Write out the line that holds "Threaded Barrel CZ-USA" together with every line that follows it to the end of the material below, exactly. Omit the pictures.

▸ **Dataset records**
##############################

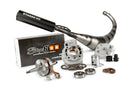 Generic Trigger X-Enduro 50 2T AM6 - Zylinderkit Kurbelwelle Auspuff Sport MK2
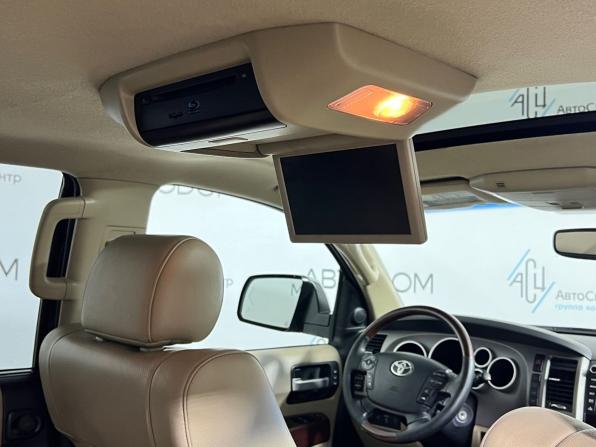 Toyota Sequoia II с пробегом 2013 года, цена 3 449 000 рублей, 175285 км, внедорожник, Автокод Объявления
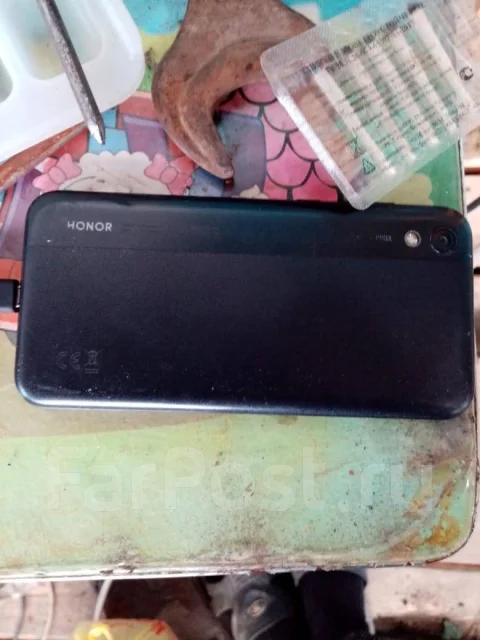 Honor 8S. �/�, ������, 3G, 4G LTE, Dual-SIM ����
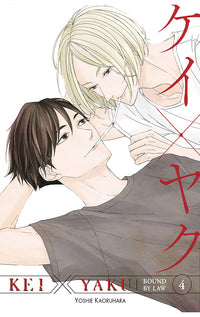 Kei X Yaku Bound by Law vol 04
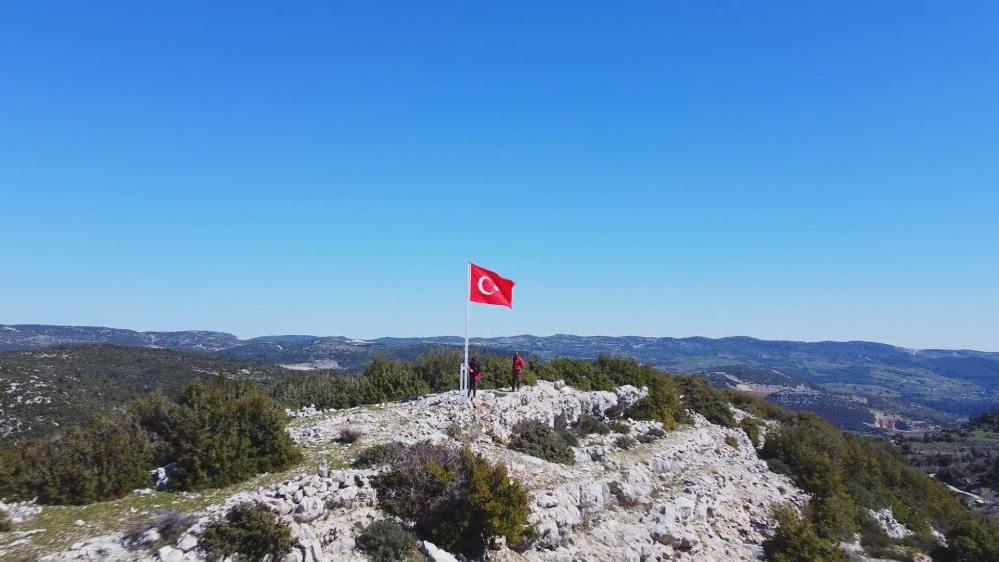 Hatay’ın Suriye sınırındaki Yayladağı ilçesi Bezge Mahallesi, “Yeditepe Mahallesi” olarak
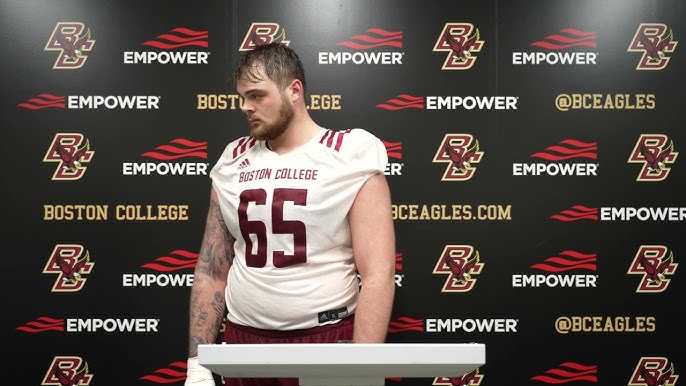 Canadian Logan Taylor is drafted into the NFL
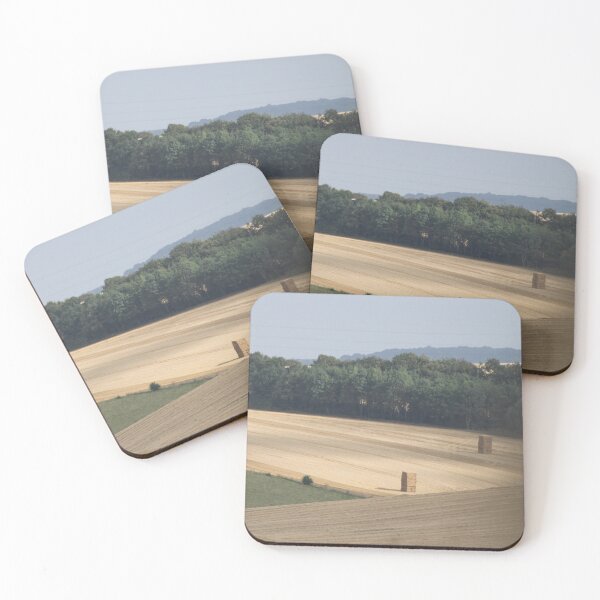 Item preview, Hay fields in summer designed and sold by Emma  Amies.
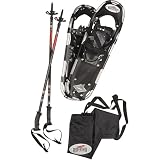 Redfeather Snowshoes Hike Snowshoe Kit,Model 22 (8x22)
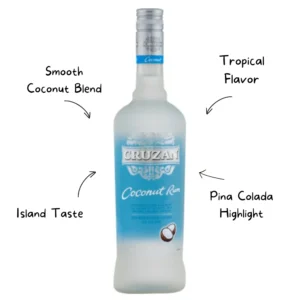 Cruzan Coconut Rum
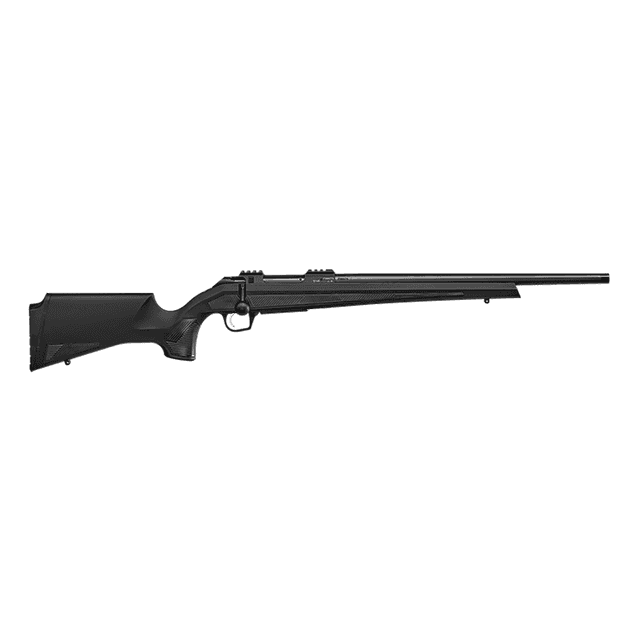 CZ-USA 07417 600+ Alpha 6.5 PRC 3+1 24" Black Nitride Threaded Barrel CZ-USA 07417 600+ Alpha 6.5 PRC 3+1 24" Black Nitride Threaded Barrel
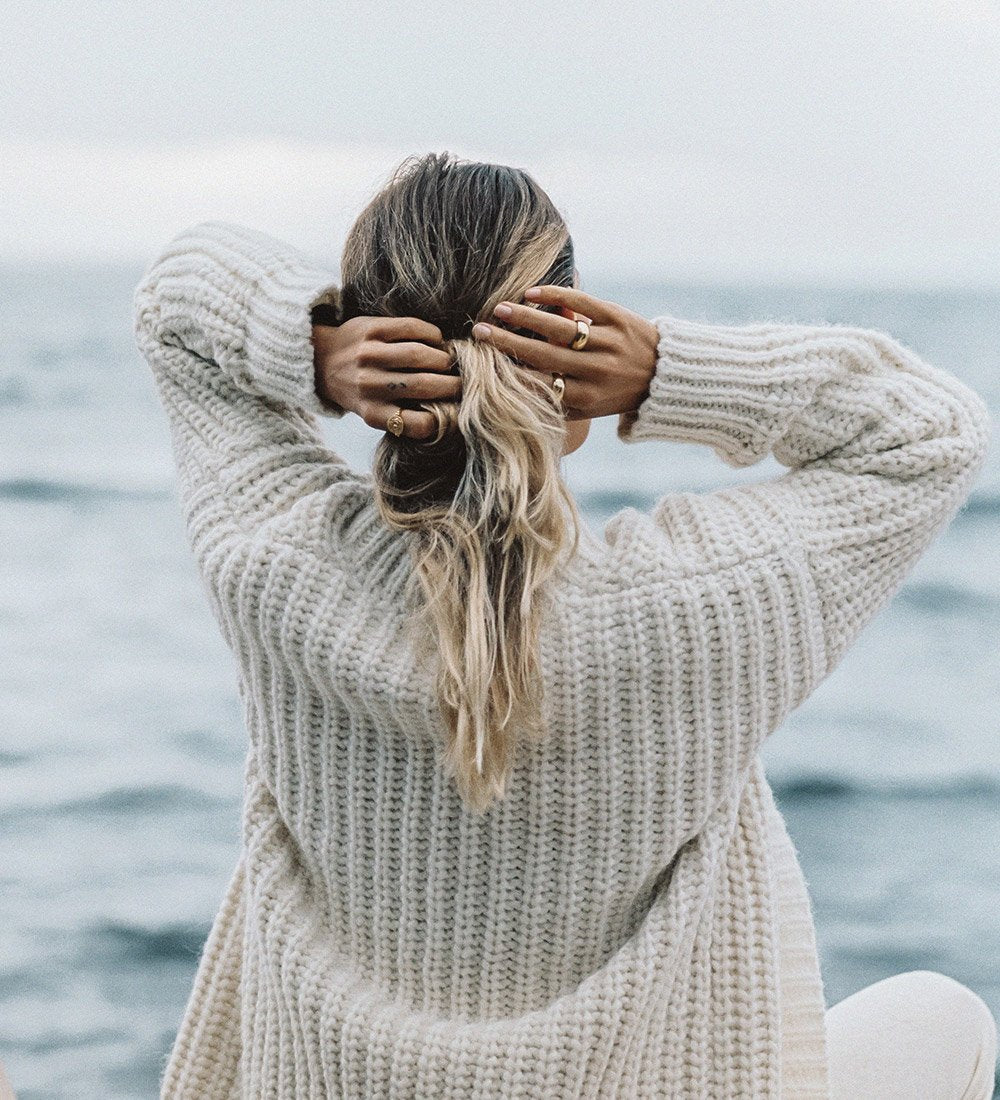 TIDAL RING (STERLING SILVER) IMAGE 3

##############################

▸ **Task response**
 CZ-USA 07417 600+ Alpha 6.5 PRC 3+1 24" Black Nitride Threaded Barrel CZ-USA 07417 600+ Alpha 6.5 PRC 3+1 24" Black Nitride Threaded Barrel
 TIDAL RING (STERLING SILVER) IMAGE 3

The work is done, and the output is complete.